(Data segment)
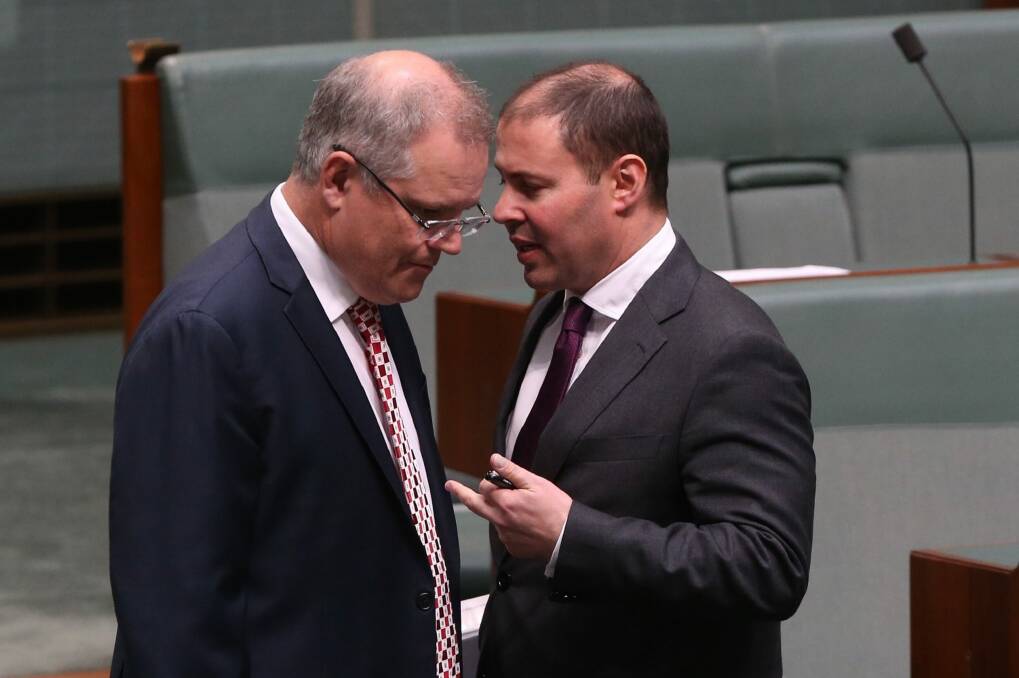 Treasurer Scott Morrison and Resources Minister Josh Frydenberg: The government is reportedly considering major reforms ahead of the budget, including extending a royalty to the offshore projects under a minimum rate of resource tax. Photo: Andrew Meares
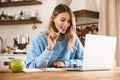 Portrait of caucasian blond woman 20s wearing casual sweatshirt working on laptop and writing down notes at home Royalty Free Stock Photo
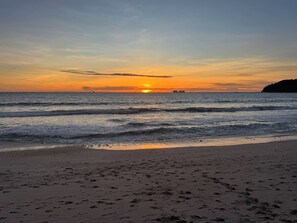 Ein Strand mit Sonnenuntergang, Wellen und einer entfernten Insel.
(End Data segment)
Description of the task.
Omit pictures; set down the rest of the material word for word.

Response to the task.
 Treasurer Scott Morrison and Resources Minister Josh Frydenberg: The government is reportedly considering major reforms ahead of the budget, including extending a royalty to the offshore projects under a minimum rate of resource tax. Photo: Andrew Meares
 Portrait of caucasian blond woman 20s wearing casual sweatshirt working on laptop and writing down notes at home Royalty Free Stock Photo
 Ein Strand mit Sonnenuntergang, Wellen und einer entfernten Insel.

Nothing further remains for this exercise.